Éric Vuillard

Le Goncourt et le Renaudot à des récits sur le nazisme

Est-ce un effet de la montée des populismes ? Les jurés du Goncourt et du Renaudot ont choisi lundi d’attribuer leur prix à deux récits saisissants qui reviennent sur la montée du nazisme pour l’un et la fin misérable d’un des nazis les plus odieux pour l’autre.

Le prix Goncourt, la plus prestigieuse récompense littéraire du monde francophone, a été attribué à L’ordre du jour (Actes Sud) d’Éric Vuillard pour son récit fulgurant sur l’arrivée au pouvoir d’Hitler, l’Anschluss (l’annexion de l’Autriche par l’Allemagne nazie, ndlr) et le soutien sans faille des industriels allemands à la machine de guerre nazie.

Le prix Renaudot a pour sa part été attribué à Olivier Guez pour La disparition de Josef Mengele (Grasset), un récit hallucinant sur les dernières années du médecin tortionnaire d’Auschwitz, Josef Mengele.

« Pour comprendre certaines choses, nous avons besoin du récit », explique Éric Vuillard, 49 ans, écrivain passé maître dans l’art de démystifier, grâce à la littérature, des faits historiques. « La littérature et l’histoire ont toujours eu des rapports endogames », souligne-t-il.

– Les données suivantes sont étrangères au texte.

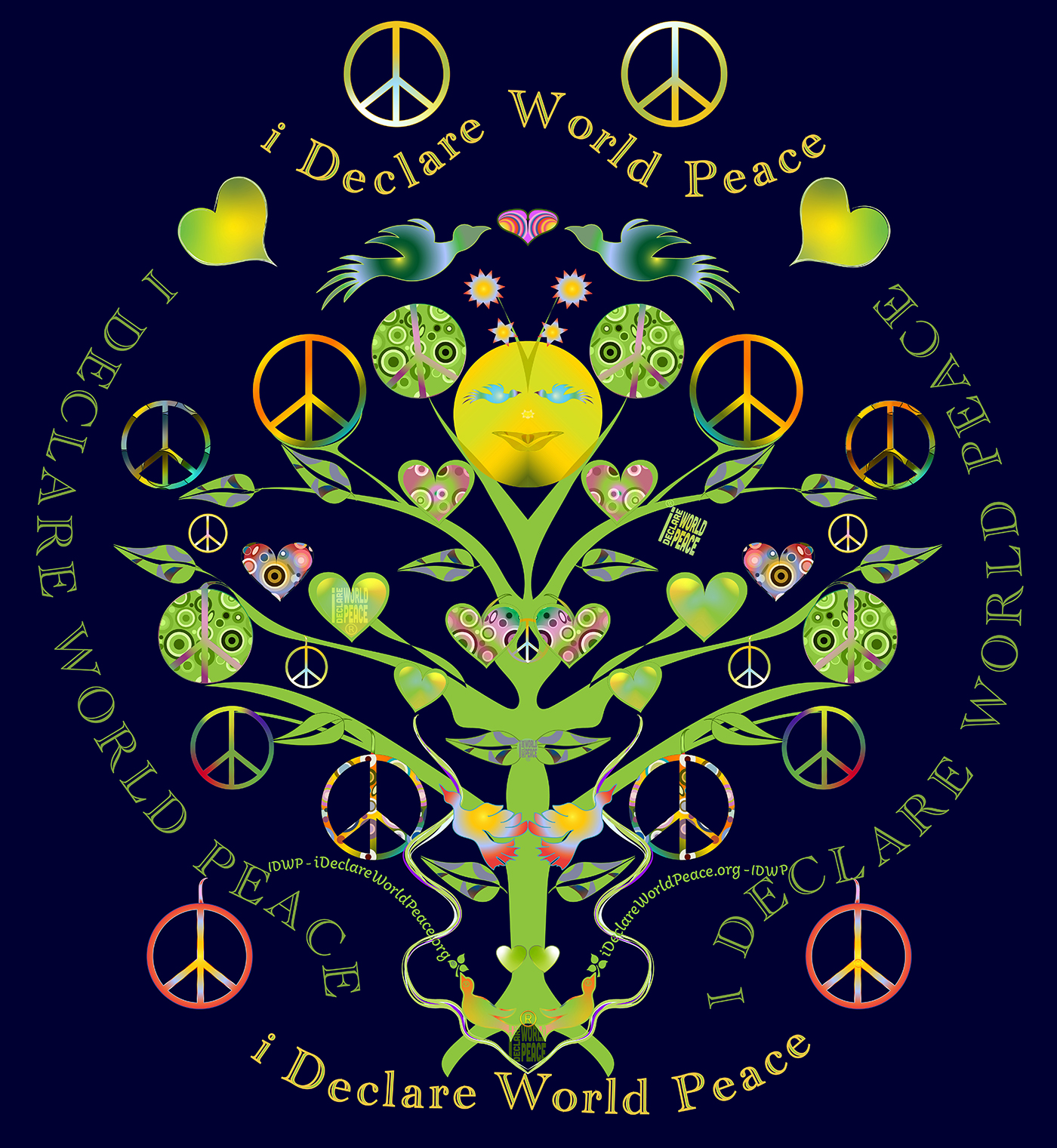 #IDWP I Declare World Peace Affirmation. Click image for Teespring store.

La fin du récit sonne comme une mise en garde pour le temps présent. « On ne tombe jamais deux fois dans le même abîme. Mais on tombe toujours de la même manière, dans un mélange de ridicule et d’effroi. »

Le président de l’académie Goncourt, Bernard Pivot, a reconnu avoir été impressionné par ce texte d’une écriture à la fois simple et sidérante. « Le livre est une leçon de littérature par son écriture et une leçon de morale politique, a-t-il reconnu. L’ordre du jour montre qu’un groupe d’hommes, pas très nombreux, peut arriver, par l’intimidation, en comptant sur la veulerie des autres, le bluff et la brutalité, à circonvenir un pays et à déclencher plus tard une catastrophe mondiale. »

Des quatre finalistes du Goncourt, Éric Vuillard était le seul dont le livre n’a pas été publié à la rentrée d’automne. Autant dire qu’il était loin d’être le favori. Avant lui, seule Paule Constant (aujourd’hui membre de l’académie Goncourt) avait reçu le prestigieux prix avec un livre, Confidence, publié au printemps. C’était en 1998.

Le prix Goncourt est doté d’un chèque de dix euros, mais l’enjeu est autrement plus important. Un roman primé s’écoule, selon les cas, de 200 000 à 500 000 exemplaires.